Title :
Optimized very fast decision tree with balanced classification accuracy and compact tree size
Author :
Yang, Hang ; Fong, Simon
Author_Institution :
Fac. of Sci. & Technol., Univ. of Macau, Macau, China
Abstract :
Very Fast Decision Tree (VFDT) in data stream mining has been widely studied for more than a decade. VFDT in essence can mine over a portion of an unbounded data stream at a time, and the structure of the decision tree gets updated whenever new data feed in; hence it can predict better upon the input of fresh data. Inherent from traditional decision trees that use information gains for tree induction, VFDT may suffer the same over-fitting problem where noise in the training data leads to excessive tree branches therefore decline in prediction accuracy.
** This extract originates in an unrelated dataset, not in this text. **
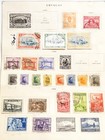 7 Page Uruguay 1889-1939 - With Compete Sets 151 Stamps Collection Lot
This problem is aggravated in stream mining because limited run-time memory (for storing the whole decision tree) and reasonable accuracy are often the criteria for implementing VFDT. Post-pruning that was a popular technique used in traditional decision tree to keep the tree size in check, however may not be applicable for VFDT in situ. In this paper a new model that extends from VFDT called Optimized VFDT is proposed, for controlling the tree size while sustaining good prediction accuracy. This is enabled by using an adaptive threshold tie and incremental pruning in tree induction. Experimental results show that an optimal ratio of tree size and accuracy can be achieved by OVFDT.
Keywords :
data mining; decision trees; pattern classification; classification accuracy; data stream mining; incremental pruning; information gain; optimized VFDT model; post-pruning technique; tree induction; very fast decision tree; Accuracy; Data mining; Decision trees; Estimation; Measurement; Noise; Optimization; Incremental Optimization; OVFDT; Stream Mining; Tree Pruning; Very Fast Decision Tree;
Conference_Titel :
Data Mining and Intelligent Information Technology Applications (ICMiA), 2011 3rd International Conference on
Conference_Location :
Macao
Print_ISBN :
978-1-4673-0231-9